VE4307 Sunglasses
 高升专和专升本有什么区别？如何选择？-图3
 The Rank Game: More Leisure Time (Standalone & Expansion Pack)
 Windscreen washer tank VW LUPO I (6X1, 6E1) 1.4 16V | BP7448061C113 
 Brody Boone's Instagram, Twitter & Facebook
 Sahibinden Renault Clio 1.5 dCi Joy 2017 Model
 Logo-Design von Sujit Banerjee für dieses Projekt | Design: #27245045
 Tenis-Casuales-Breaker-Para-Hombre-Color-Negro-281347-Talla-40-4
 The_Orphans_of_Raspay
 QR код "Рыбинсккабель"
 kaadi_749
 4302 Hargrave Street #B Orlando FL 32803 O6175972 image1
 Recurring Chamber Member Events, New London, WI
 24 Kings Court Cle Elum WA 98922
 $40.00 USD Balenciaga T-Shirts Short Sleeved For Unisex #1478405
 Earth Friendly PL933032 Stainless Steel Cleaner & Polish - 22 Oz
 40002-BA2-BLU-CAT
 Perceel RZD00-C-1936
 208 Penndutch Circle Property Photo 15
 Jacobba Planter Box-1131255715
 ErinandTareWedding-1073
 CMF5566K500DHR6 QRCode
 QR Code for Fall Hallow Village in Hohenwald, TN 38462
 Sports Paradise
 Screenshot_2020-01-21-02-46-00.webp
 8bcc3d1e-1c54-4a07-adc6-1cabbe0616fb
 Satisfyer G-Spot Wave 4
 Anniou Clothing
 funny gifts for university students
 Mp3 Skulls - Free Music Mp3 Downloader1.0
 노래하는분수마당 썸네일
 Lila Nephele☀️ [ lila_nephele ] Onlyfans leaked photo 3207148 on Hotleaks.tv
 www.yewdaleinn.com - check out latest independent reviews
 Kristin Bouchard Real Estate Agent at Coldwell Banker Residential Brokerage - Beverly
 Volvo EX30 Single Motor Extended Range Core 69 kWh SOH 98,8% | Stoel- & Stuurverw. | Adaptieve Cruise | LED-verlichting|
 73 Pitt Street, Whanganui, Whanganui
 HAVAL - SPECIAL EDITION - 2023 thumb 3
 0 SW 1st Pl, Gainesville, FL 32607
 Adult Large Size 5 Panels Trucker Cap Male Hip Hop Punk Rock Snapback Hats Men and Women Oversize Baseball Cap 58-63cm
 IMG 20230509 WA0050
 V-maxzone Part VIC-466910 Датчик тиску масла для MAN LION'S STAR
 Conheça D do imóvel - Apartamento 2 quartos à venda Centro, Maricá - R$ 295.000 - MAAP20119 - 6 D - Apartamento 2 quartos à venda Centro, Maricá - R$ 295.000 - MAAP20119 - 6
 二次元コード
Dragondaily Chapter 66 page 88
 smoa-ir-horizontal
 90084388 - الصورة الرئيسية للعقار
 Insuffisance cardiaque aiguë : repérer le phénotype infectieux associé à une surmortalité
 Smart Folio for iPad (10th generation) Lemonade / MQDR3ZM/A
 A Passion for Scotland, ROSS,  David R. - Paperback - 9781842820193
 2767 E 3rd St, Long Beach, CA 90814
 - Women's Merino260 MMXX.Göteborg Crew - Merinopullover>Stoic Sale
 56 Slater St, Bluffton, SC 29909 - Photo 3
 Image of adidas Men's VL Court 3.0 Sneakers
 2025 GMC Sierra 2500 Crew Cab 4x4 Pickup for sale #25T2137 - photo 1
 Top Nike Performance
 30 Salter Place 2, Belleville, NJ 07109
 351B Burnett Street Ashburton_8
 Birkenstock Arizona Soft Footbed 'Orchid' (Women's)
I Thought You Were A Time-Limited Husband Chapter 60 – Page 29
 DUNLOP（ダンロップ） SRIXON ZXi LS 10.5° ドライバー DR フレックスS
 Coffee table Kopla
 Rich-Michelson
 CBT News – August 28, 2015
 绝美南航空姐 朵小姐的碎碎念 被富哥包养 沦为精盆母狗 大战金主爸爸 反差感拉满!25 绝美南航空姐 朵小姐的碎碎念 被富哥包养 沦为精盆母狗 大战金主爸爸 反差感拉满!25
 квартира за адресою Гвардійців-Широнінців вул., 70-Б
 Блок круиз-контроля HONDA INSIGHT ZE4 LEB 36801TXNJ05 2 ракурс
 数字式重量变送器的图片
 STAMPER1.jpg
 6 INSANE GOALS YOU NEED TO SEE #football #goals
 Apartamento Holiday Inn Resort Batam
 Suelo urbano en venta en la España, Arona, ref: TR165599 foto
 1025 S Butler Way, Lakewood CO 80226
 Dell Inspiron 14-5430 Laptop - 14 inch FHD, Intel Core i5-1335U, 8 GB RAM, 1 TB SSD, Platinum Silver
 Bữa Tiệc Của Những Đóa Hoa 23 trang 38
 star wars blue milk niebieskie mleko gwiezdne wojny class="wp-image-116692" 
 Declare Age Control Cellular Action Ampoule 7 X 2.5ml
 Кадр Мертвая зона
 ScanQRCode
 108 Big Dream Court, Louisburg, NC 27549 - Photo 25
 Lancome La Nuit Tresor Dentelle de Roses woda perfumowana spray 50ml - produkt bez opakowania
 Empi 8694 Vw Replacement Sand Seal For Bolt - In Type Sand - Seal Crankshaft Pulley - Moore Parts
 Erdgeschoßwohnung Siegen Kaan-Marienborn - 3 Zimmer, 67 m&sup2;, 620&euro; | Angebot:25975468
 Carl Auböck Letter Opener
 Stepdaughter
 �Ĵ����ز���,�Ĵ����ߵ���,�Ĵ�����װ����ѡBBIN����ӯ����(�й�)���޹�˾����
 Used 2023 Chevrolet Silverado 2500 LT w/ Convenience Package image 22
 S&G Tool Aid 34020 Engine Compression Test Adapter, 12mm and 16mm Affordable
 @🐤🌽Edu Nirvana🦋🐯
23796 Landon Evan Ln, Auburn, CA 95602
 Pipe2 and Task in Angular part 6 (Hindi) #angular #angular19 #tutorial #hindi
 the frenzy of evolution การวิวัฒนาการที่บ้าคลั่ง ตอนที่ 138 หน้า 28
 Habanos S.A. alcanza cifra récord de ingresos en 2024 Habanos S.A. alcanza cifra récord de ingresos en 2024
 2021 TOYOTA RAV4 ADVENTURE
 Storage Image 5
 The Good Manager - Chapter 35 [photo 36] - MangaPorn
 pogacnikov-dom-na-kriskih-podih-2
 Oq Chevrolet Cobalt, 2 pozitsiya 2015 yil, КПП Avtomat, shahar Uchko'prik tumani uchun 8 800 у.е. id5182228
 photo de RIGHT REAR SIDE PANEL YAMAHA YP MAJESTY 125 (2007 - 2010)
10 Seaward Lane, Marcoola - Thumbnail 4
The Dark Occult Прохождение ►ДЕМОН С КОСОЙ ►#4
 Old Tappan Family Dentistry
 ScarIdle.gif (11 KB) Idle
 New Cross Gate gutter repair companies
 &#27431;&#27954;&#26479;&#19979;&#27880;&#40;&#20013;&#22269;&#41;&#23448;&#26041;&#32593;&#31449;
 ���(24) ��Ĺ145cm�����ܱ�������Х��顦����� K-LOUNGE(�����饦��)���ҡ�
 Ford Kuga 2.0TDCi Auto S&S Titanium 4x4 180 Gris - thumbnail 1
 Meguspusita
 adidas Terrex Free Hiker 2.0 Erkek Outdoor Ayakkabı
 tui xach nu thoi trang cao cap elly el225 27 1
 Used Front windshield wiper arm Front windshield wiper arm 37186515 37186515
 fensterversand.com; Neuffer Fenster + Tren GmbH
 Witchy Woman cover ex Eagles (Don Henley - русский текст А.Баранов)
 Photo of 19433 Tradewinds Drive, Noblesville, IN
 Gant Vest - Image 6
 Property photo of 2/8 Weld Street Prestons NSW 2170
______
**Aim of the exercise**
Only the count, nothing else: how many lines of the records hold the word "Free"?

**Answer below**
2